This GRANTA issue is only marginally devoted to raw, pure sex and should cater to many tastes. "Tokyo Island" by the awesome Japanese woman novelist Natsuo Kirino evokes a fairy tale world of two waves of shipwrecked people stranded on an unpopulated, lush tropical island. Kiyoko is the only female in a population of 30+ Japanese and Chinese men, identified as Tokyoites and Hong Kongers. They don't mix, divide the island between them and evolve in different directions, with Kiyoko always on their mind. Also a parable for Japan and China's economic performance in recent years.
Soft(?) porno is offered in a uniquely-structured declaration of love/short story in Emmanuel Carrère's "This is For You". The fictional author/journalist of the story is a love-struck control freak who has been planning the publication of his ode to his loved one several months ahead, to coincide with her traveling on a Saturday afternoon on a high speed train towards him, with her choosing "Le Monde" with its weekend edition (circulation 600.000) as her natural choice of entertainment during the journey. Could become a movie hit with plenty of flashbacks and a perfectly-timed voice over.
At least three stories deal with gay-hood, its discovery, full blast enjoyment, and sad, soon to be lonely, aftermath. Alan Founds' portrait of a moody, confused and nasty vicar in a London suburb is intriguing and perfectly written. For me, Mark Doty's title "The Unwriteable", a coming-out story, summarizes it all. The charm, glory, joy, fulfillment of gay-hood cannot be conveyed through writing to non-gays.
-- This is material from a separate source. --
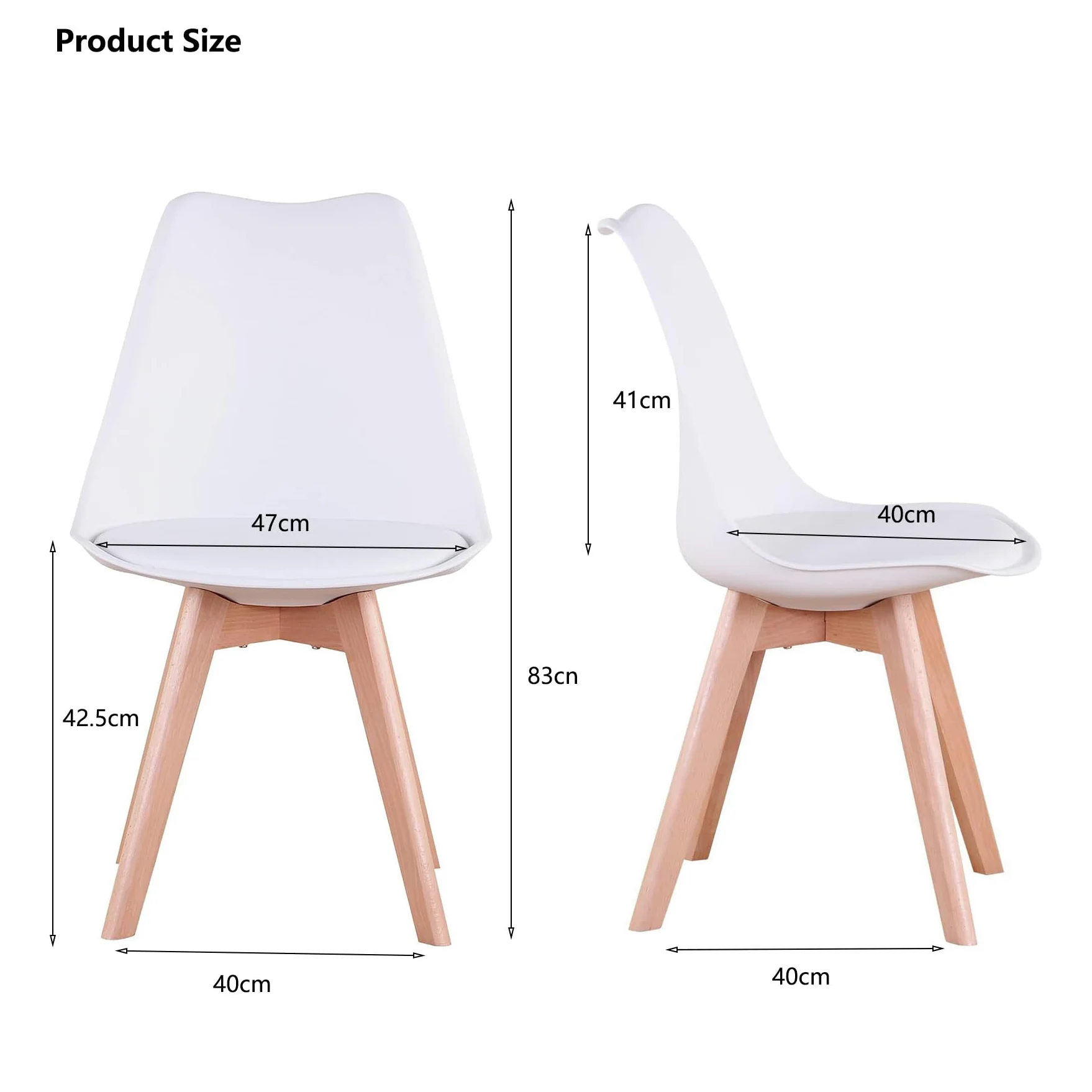 Sedie Sala da Pranzo, Set di 4 Sedie, Gambe in legno massello, Design Nordico Ergonomico, Sedie Cucina, Sedie Moderne (Bianco-4)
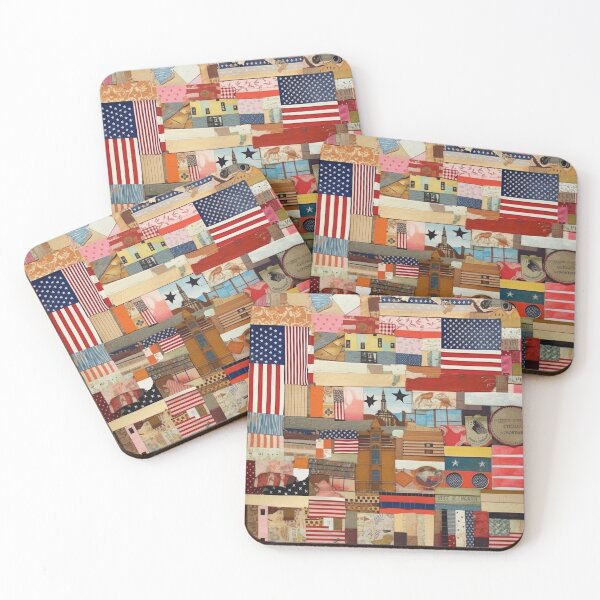 Item preview,  America Retro Vintage Patchwork of Americana Pattern Collage designed and sold by BrandonArtWorld.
Tom McCarthy's story "The Spa" is about constipation, not sex. Its victim is a male English adolescent in an old Central European spa brimming with history, meeting a beautiful anaemic girl of his own age... His and Mr. Founds' story really evoke smells, sounds, images to an almost cinematographic degree. Finally, Brian Chikwava's recollection of post-independence Zimbabwe, its music and its graphically-sexual new dance forms, is described with love and humour, and then with near-certainty that it accelerated the arrival of a new disaster to come. Not one rotten apple in this basket. Very rich volume, not to be missed.